Keith Fontenot, Strahan, Ronald E. | 5/22/2017 3:11:04 PM
Lawn burweed, spurweed, stickers, or piquants -- the list goes on and on with names that most people call this lawn pest that will poke or stick uncovered feet later this spring. The weed most folks are talking about is called lawn burweed and also called stickerweed. This is a winter annual and a member of the aster family. This weed will usually germinate in the early fall months and remains very small and inconspicuous in the lawn during the winter. As temperatures warm in the spring, it begins a period of very rapid growth, flowering and forming a small spur or spine in the leaf axil junction.
The trick to eliminating the spiny sticker problem is to control the weed before the spur is formed. If you wait to control the weed after the spur is formed, you will kill the plant, but the spiny sticker will still be there waiting for unsuspecting bare feet or hands.
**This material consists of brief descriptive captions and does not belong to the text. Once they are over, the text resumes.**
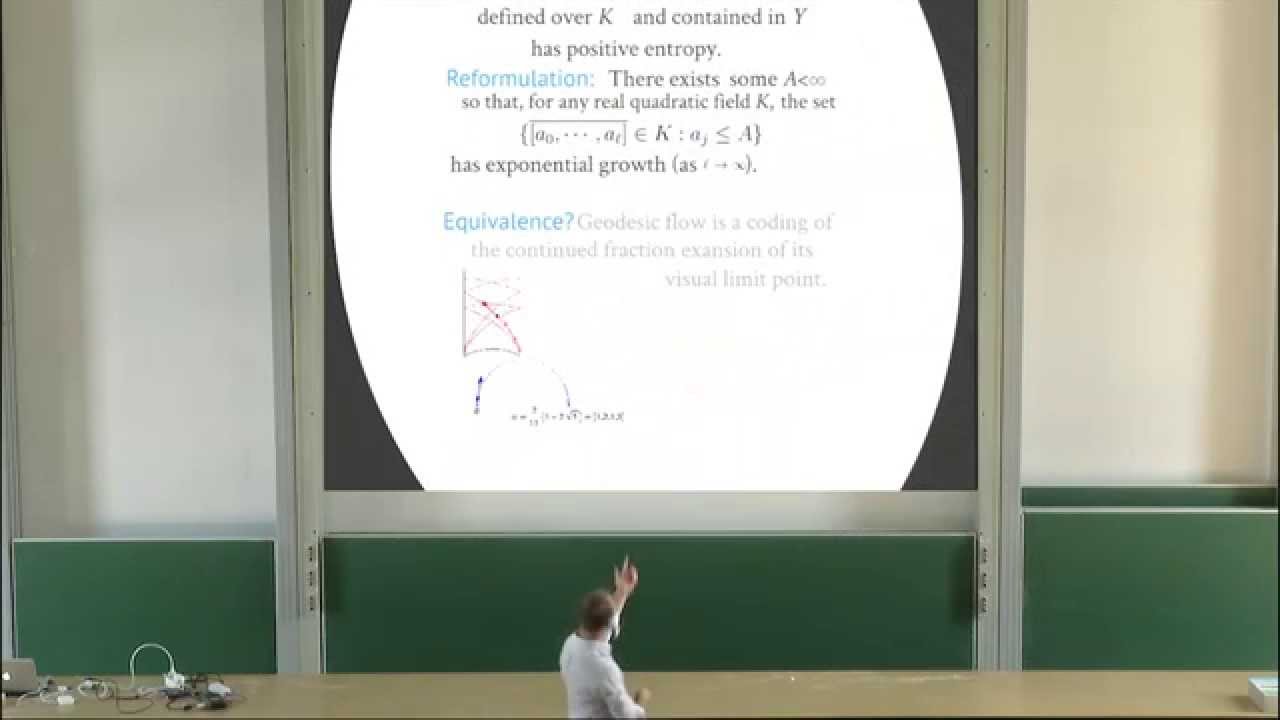 Alex Kontorovich Unveils Local-Global Principles in Thin Orbits π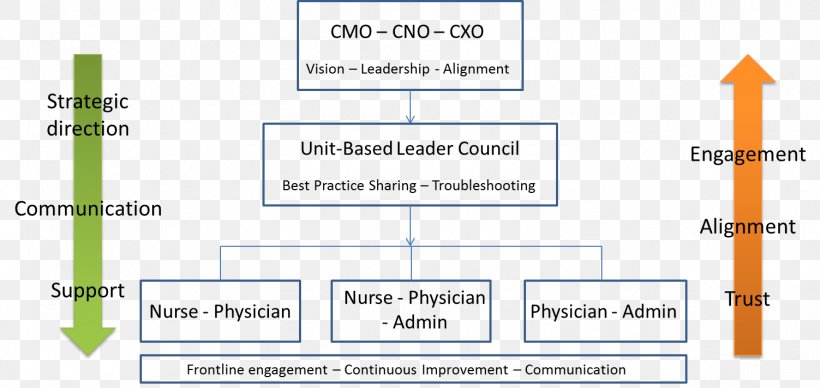 Organization The University Of Chicago Medical Center Center For Care And Discovery Definition XBRL, PNG, 1503x712px, Organization, Area, Chicago, Definition, Diagram Download Free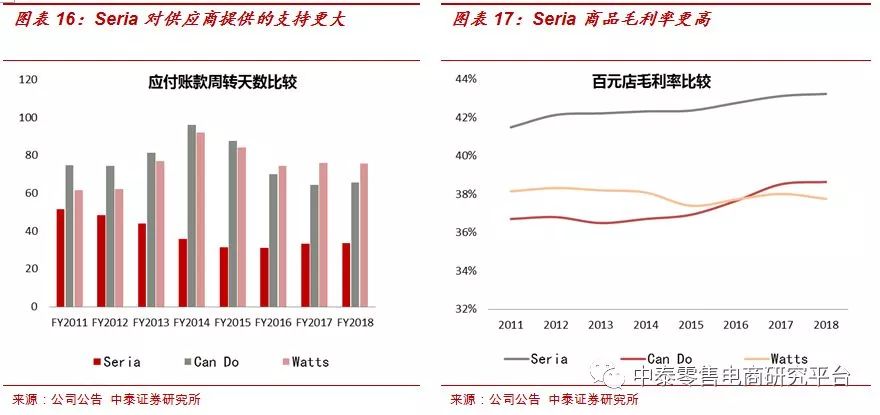 POS机费率忽高忽低怎么稳定——企业支付成本控制的策略与思考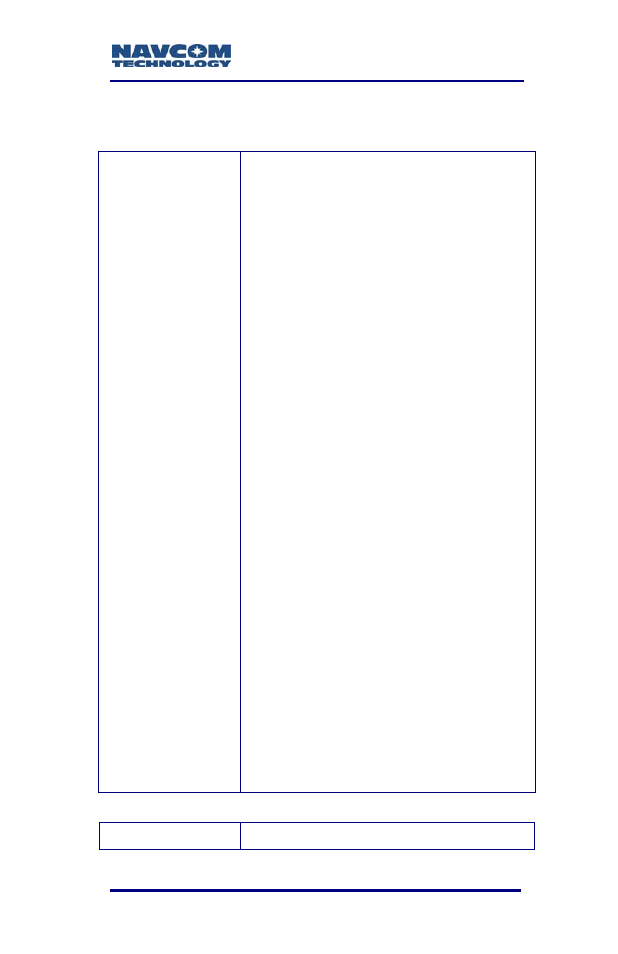 Revision history | NavCom SF-3050 Rev.B User Manual | Page 15 / 201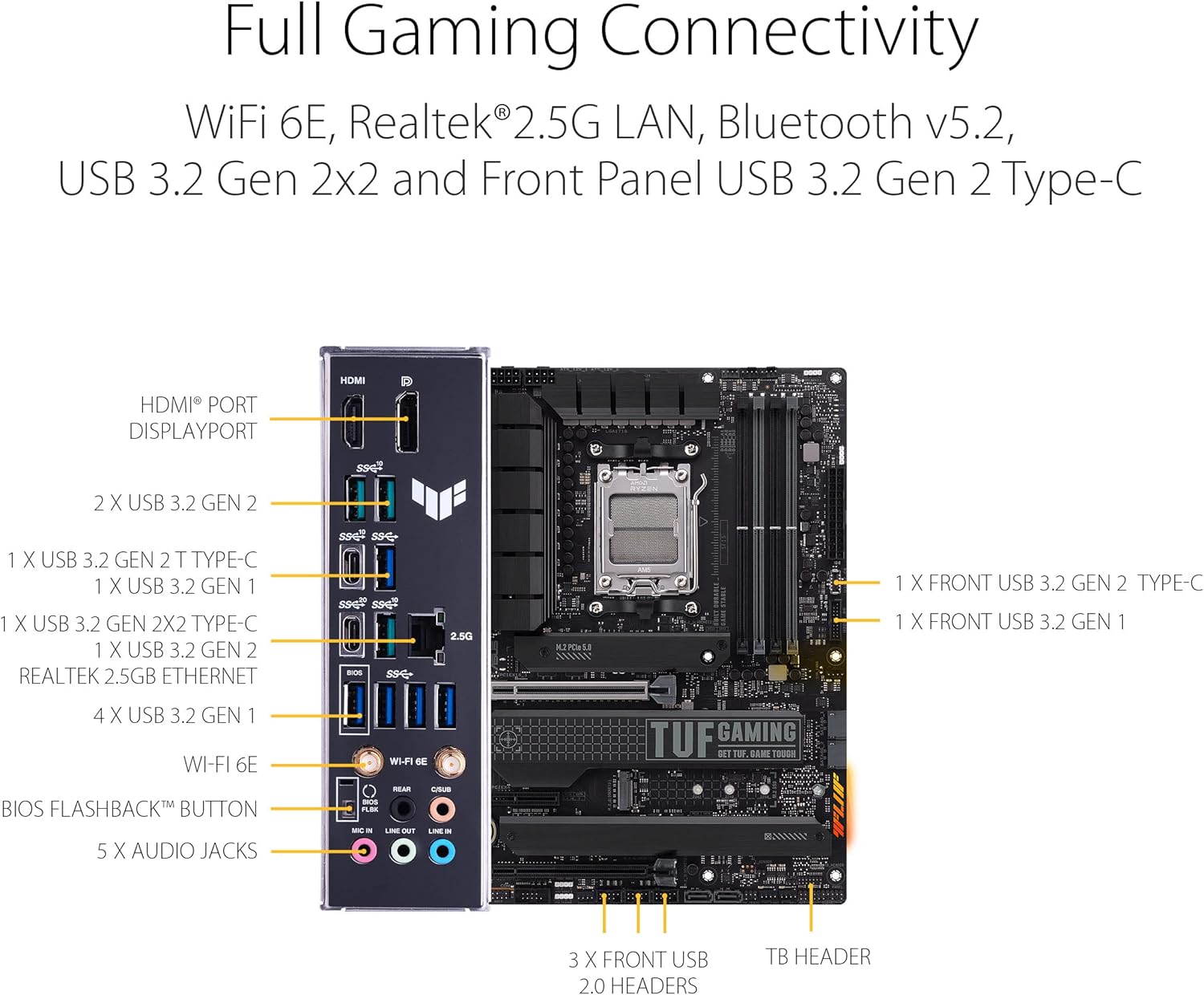 ASUS TUF Gaming X670E-PLUS WiFi 6E Socket AM5 (LGA 1718) Ryzen 7000 ATX Gaming Motherboard(16 Power Stages, PCIe 5.0, DDR5 Memory, Four M.2 Slots,2.5 Gb LAN,USB 4, Aura RGB Lighting) (Certified Refurbished)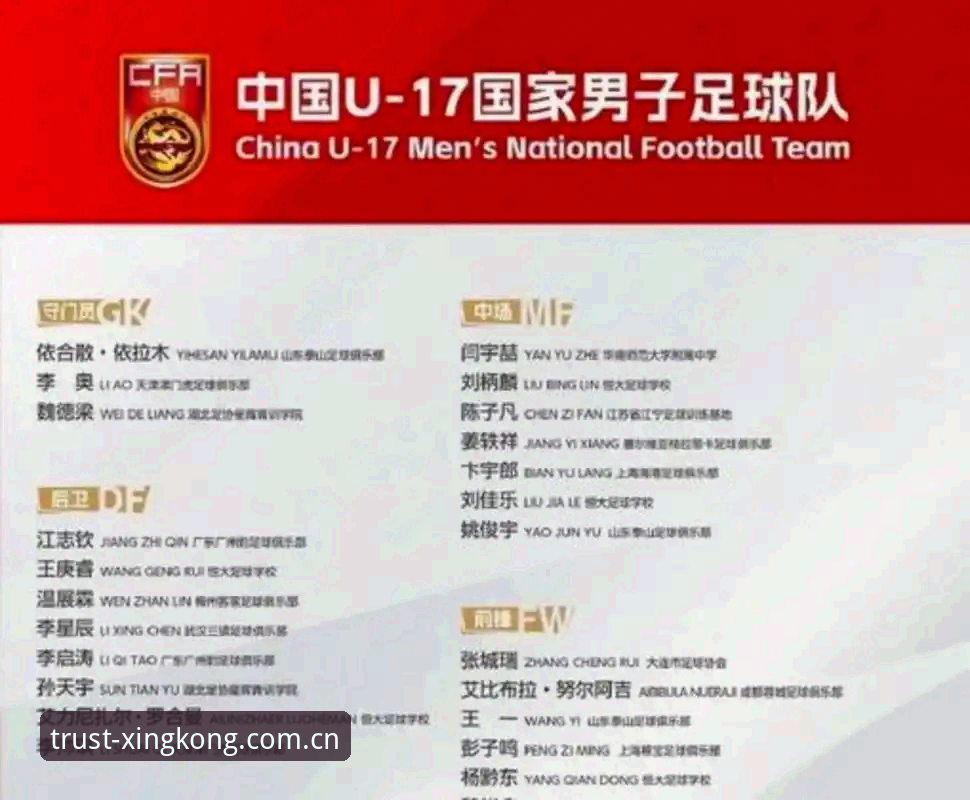U17世界杯分组揭晓：中国男足vs西班牙、女足vs美国，强弱对比下的突围机会分析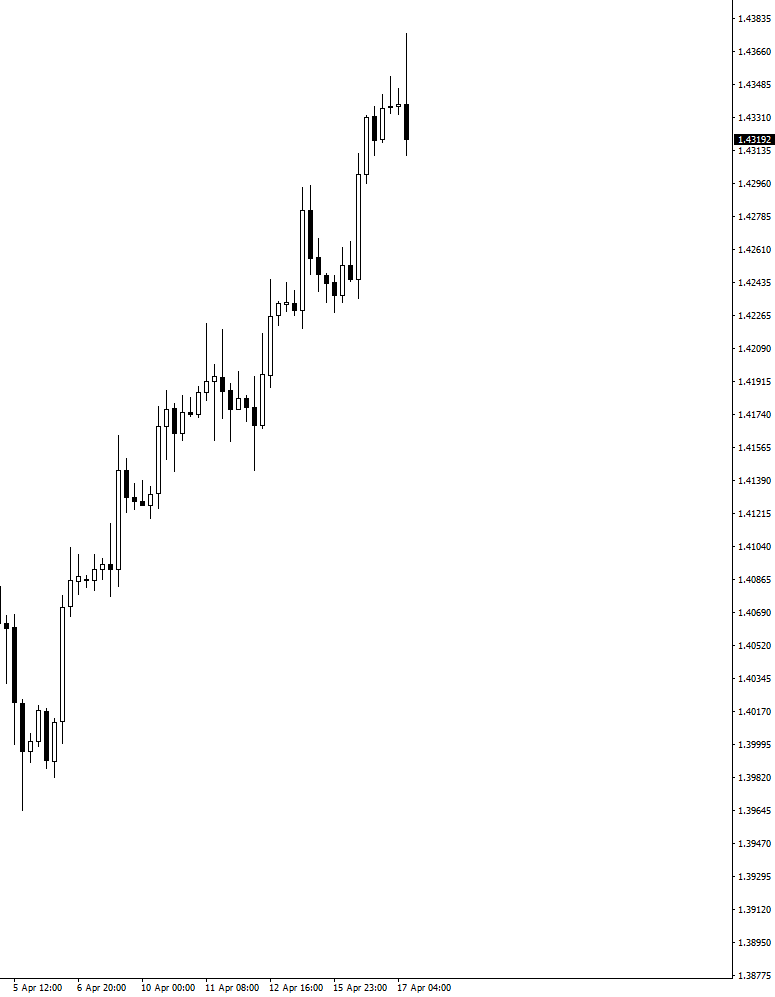 gbpusd.png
To control this weed in centipedegrass, St. Augustine-grass, zoysiagrass and in bermuda-grass lawns, several herbicides are recommended. The ideal time to apply is from December to March, preferably on days with temperatures of 60 degrees F or warmer. The earlier in the season you apply, the easier this weed is to control. It is usually too late to control this plant by mid-to-late April because the stickers have already formed by then.
Two or more applications may be necessary. Always be cautious with these herbicides, even at low rates. Do not apply around the dripline of trees and do not use in flowerbeds. As temperatures warm up and other plants are coming out of dormancy be aware of and prevent spray drift to off-target plants and be especially cautious around vegetable gardens, and fruit trees.